▶ _Task to complete_: When you copy the records that follow, please keep every word exactly as it is and leave out the pictures.

Data provided START

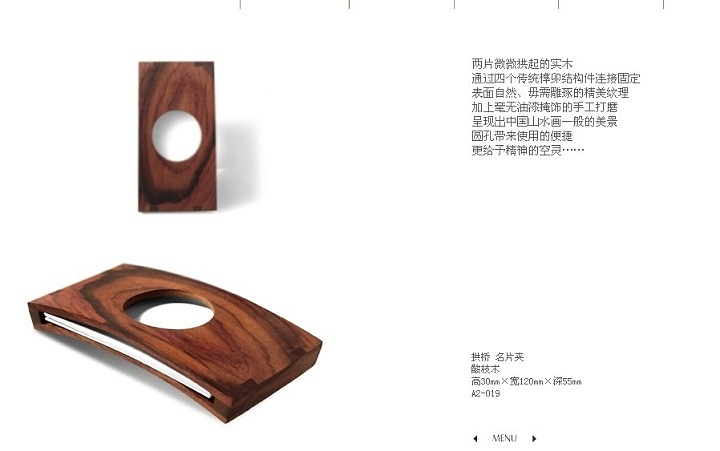 woodiness，to work in an office，Creative products，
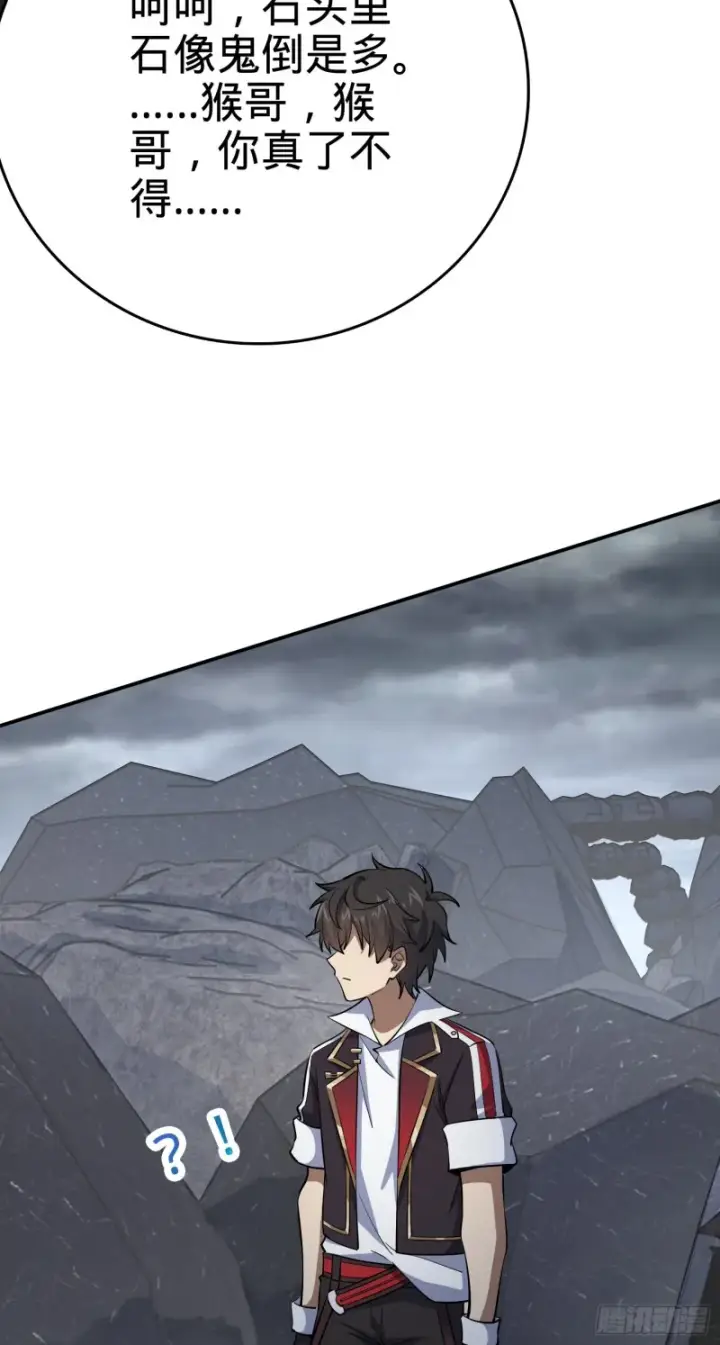 漫画《大王饶命》157 遗迹怪物？第28张图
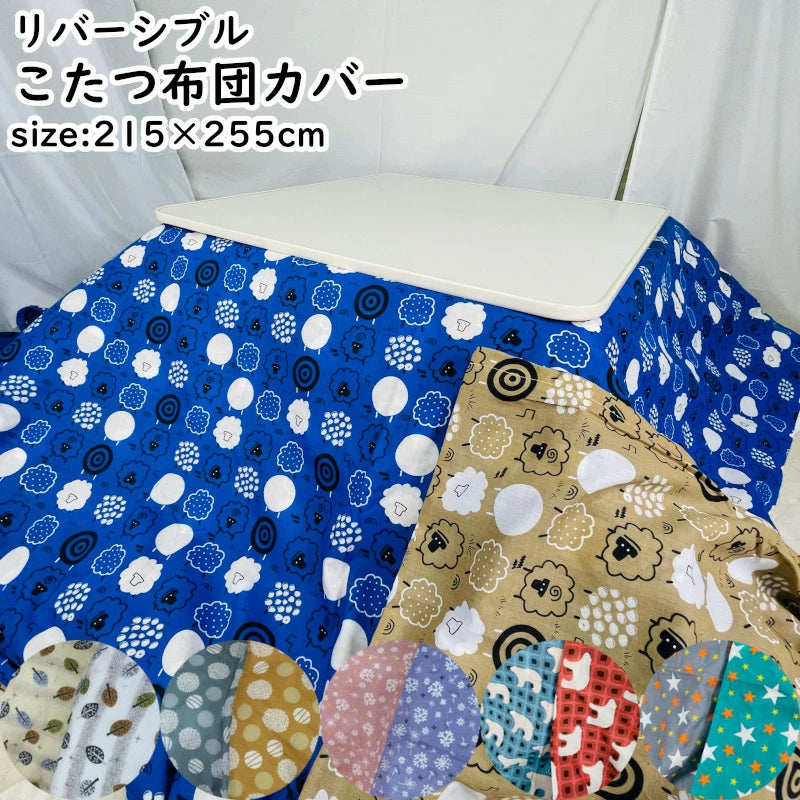 こたつ布団カバー 選べる4柄 215×255cm 大判 長方形 リバーシブル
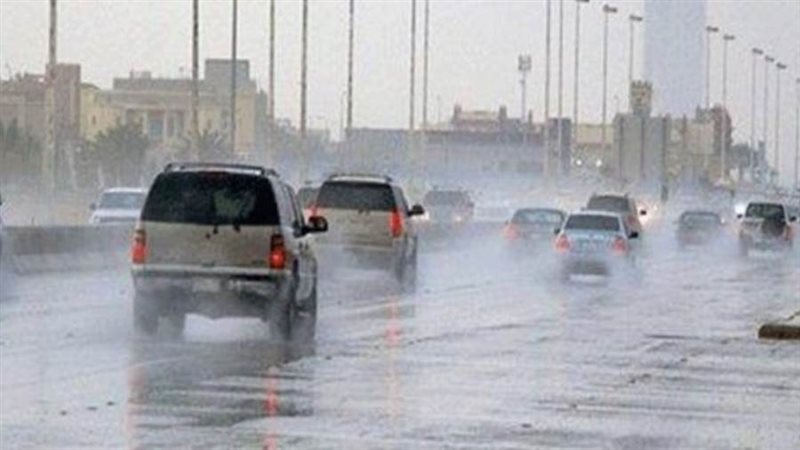 عدم استقرارالأحوال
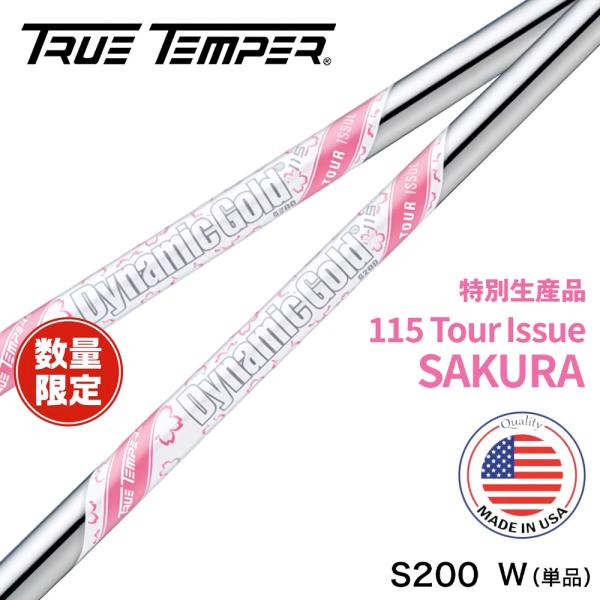 トゥルーテンパー ダイナミックゴールド 115 ツアーイシュー SAKURA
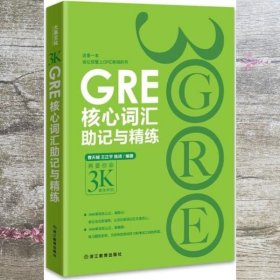 新东方 GRE核心词汇助记与精练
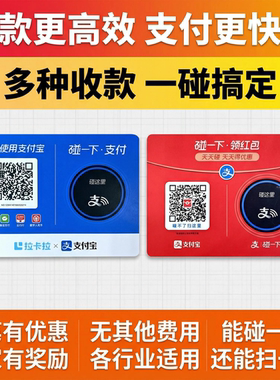 支碰一下NFC碰碰领红包拉卡拉收款支付贴纸码牌高效便捷商家有奖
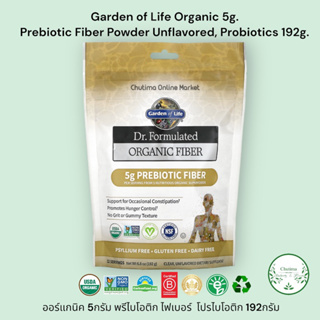 Garden of Life Organic 5g. Prebiotic Probiotics Fiber Powder Unflavored 192gออร์แกนิค พรีไบโอติก ไฟเบอร์จาก ซุปเปอร์ฟู้ด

Data provided END

▶ _Result_:
 woodiness，to work in an office，Creative products，
 漫画《大王饶命》157 遗迹怪物？第28张图
 こたつ布団カバー 選べる4柄 215×255cm 大判 長方形 リバーシブル
 عدم استقرارالأحوال
 トゥルーテンパー ダイナミックゴールド 115 ツアーイシュー SAKURA
 新东方 GRE核心词汇助记与精练
 支碰一下NFC碰碰领红包拉卡拉收款支付贴纸码牌高效便捷商家有奖
 Garden of Life Organic 5g. Prebiotic Probiotics Fiber Powder Unflavored 192gออร์แกนิค พรีไบโอติก ไฟเบอร์จาก ซุปเปอร์ฟู้ด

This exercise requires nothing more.